RECORDS TO USE section start

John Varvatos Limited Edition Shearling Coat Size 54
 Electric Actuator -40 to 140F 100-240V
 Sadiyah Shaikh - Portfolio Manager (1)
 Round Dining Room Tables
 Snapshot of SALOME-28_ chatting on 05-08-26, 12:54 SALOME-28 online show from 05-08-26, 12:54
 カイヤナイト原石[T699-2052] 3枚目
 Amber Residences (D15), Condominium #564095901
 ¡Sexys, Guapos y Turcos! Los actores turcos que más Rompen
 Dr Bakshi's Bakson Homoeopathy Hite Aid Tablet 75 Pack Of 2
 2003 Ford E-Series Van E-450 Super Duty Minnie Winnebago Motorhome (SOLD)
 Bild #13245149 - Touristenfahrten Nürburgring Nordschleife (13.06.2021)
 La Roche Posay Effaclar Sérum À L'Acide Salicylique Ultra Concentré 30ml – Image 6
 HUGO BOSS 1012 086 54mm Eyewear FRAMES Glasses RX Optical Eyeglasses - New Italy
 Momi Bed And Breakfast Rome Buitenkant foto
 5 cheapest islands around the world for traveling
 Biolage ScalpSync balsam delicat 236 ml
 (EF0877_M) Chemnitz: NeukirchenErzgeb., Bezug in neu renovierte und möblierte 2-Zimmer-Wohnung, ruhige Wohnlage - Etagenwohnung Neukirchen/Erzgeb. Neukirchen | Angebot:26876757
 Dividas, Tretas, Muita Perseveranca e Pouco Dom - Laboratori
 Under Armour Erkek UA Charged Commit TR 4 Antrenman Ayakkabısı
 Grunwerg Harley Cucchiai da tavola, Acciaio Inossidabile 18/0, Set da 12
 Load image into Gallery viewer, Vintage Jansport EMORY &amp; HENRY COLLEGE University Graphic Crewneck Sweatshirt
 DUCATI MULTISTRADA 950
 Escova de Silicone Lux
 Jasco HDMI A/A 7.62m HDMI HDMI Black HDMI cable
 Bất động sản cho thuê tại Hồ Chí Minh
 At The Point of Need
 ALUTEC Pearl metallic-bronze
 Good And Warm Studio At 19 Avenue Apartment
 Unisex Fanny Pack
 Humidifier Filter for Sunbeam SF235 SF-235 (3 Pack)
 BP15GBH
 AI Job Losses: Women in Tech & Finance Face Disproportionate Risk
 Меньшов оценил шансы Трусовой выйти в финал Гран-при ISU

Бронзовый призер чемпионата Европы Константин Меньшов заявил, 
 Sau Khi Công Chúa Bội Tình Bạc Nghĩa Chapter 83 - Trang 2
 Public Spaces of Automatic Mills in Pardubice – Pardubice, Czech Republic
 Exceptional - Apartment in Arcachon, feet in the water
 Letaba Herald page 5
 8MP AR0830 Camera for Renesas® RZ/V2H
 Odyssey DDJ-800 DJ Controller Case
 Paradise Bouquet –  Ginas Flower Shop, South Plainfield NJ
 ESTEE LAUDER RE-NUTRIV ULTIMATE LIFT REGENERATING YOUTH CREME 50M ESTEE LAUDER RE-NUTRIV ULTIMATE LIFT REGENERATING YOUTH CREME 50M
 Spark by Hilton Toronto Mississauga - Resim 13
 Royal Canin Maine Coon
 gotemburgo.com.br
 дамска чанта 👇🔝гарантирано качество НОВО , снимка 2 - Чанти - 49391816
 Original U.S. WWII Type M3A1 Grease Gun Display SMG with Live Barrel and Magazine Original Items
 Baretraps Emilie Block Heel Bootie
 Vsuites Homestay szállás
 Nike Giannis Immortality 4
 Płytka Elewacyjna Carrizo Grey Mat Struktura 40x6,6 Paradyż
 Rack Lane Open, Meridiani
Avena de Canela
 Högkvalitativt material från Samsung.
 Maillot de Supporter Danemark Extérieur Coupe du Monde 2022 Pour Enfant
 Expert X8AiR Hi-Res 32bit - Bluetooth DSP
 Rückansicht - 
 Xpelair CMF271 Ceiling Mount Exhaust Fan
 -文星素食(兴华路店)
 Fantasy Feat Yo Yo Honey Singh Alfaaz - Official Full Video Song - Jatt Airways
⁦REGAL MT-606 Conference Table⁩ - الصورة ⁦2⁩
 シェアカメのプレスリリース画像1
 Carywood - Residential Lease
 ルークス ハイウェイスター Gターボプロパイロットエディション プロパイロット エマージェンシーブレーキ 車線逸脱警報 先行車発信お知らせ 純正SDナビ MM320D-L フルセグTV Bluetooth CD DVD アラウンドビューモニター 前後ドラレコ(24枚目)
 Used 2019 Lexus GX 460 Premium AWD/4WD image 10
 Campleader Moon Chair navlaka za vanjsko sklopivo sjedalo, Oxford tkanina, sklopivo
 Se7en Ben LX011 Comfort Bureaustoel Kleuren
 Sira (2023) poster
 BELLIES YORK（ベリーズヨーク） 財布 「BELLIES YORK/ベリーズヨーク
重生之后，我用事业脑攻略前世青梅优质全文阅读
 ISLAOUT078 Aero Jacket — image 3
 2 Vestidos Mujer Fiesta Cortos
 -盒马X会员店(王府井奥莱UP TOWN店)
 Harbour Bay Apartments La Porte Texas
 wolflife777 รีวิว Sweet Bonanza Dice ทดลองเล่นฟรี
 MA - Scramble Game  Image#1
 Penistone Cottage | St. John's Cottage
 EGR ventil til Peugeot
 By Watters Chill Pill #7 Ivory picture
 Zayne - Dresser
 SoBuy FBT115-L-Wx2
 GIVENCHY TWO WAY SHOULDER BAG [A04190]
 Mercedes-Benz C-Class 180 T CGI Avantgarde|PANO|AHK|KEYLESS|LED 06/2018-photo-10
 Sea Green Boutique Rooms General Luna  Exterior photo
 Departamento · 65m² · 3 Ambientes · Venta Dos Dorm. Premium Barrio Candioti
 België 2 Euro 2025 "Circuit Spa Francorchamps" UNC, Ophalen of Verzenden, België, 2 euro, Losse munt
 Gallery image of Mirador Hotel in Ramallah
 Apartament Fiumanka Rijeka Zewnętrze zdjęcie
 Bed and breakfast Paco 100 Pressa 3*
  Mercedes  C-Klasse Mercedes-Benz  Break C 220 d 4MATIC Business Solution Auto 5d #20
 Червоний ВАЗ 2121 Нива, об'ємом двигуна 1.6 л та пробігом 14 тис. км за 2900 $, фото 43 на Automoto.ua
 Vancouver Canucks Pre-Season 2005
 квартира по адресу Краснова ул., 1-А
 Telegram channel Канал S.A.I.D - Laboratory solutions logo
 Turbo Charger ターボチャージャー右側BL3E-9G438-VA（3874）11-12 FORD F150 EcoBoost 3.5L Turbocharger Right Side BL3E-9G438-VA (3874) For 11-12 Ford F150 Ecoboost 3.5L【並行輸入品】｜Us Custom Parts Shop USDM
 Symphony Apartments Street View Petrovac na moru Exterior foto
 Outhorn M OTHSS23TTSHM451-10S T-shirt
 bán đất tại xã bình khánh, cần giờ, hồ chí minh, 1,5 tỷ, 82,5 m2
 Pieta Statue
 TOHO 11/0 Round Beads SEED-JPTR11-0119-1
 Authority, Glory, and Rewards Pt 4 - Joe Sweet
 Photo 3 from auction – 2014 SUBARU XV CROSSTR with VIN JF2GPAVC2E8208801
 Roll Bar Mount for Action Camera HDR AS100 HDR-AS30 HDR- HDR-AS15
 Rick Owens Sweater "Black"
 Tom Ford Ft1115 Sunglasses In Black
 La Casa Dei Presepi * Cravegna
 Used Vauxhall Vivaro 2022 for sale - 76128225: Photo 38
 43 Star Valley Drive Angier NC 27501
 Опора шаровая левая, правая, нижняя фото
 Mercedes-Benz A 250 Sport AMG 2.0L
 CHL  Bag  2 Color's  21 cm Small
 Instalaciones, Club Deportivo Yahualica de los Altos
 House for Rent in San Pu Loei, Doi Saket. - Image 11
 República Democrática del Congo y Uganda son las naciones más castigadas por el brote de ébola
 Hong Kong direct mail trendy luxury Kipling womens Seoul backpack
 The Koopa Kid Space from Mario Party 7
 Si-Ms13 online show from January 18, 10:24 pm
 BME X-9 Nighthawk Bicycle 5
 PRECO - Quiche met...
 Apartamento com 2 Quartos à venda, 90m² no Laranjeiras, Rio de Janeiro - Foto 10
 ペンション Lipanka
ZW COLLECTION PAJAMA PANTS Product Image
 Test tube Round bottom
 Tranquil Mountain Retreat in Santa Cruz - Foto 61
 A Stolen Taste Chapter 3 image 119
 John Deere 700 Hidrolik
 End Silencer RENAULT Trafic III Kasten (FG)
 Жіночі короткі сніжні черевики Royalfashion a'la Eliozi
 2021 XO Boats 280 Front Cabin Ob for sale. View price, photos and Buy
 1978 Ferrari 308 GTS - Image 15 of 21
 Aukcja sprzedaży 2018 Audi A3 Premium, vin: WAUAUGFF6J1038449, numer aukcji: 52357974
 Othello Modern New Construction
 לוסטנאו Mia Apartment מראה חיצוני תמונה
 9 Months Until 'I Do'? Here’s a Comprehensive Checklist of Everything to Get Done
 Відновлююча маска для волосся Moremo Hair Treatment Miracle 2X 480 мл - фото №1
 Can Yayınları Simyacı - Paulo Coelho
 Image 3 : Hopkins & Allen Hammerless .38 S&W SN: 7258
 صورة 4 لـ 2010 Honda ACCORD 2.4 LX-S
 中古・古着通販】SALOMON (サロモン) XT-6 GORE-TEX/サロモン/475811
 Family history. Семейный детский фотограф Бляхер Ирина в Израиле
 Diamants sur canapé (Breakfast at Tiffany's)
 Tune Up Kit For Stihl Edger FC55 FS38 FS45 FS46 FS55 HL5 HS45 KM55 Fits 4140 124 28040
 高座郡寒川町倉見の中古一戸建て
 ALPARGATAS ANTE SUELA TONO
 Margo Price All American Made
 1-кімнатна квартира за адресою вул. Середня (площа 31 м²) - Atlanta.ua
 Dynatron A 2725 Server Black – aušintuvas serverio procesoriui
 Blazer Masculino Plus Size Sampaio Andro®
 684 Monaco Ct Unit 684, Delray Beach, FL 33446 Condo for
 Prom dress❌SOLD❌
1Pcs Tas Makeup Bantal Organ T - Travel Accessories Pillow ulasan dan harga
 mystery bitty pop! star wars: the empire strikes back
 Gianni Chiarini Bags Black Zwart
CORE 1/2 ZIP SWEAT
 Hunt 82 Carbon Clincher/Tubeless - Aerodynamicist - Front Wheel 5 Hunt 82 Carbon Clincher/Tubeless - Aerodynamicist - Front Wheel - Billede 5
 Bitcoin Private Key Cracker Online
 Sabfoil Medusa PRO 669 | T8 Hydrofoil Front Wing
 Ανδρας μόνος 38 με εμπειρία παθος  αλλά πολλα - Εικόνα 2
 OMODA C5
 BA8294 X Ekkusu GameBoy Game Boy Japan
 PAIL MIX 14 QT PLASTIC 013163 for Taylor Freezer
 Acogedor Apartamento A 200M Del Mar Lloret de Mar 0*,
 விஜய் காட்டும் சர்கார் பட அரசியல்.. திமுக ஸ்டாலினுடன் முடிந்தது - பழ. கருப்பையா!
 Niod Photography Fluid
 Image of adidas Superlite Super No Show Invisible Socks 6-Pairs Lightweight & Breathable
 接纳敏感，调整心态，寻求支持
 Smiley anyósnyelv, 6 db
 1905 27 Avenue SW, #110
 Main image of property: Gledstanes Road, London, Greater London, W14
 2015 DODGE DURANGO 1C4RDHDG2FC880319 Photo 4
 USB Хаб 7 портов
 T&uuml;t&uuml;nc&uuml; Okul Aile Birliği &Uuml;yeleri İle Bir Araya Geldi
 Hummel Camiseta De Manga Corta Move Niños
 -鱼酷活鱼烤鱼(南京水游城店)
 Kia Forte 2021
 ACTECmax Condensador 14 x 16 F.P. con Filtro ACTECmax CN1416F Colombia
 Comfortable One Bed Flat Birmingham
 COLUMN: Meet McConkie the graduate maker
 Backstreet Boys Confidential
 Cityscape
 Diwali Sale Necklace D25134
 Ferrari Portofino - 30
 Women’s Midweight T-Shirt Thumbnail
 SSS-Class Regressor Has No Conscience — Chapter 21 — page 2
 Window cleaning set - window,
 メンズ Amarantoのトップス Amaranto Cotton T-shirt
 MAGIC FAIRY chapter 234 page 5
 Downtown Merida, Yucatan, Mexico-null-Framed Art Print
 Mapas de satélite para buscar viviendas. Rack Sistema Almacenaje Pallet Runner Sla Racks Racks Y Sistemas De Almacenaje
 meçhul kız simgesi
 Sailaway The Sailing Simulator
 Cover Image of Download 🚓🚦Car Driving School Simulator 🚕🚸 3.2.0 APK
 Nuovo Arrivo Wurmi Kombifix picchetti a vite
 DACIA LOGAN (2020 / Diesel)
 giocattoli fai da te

RECORDS TO USE section end

Wherever the string "with" appears in a line above, copy that line.

• **WRITTEN RESPONSE**:
 Original U.S. WWII Type M3A1 Grease Gun Display SMG with Live Barrel and Magazine Original Items
 Photo 3 from auction – 2014 SUBARU XV CROSSTR with VIN JF2GPAVC2E8208801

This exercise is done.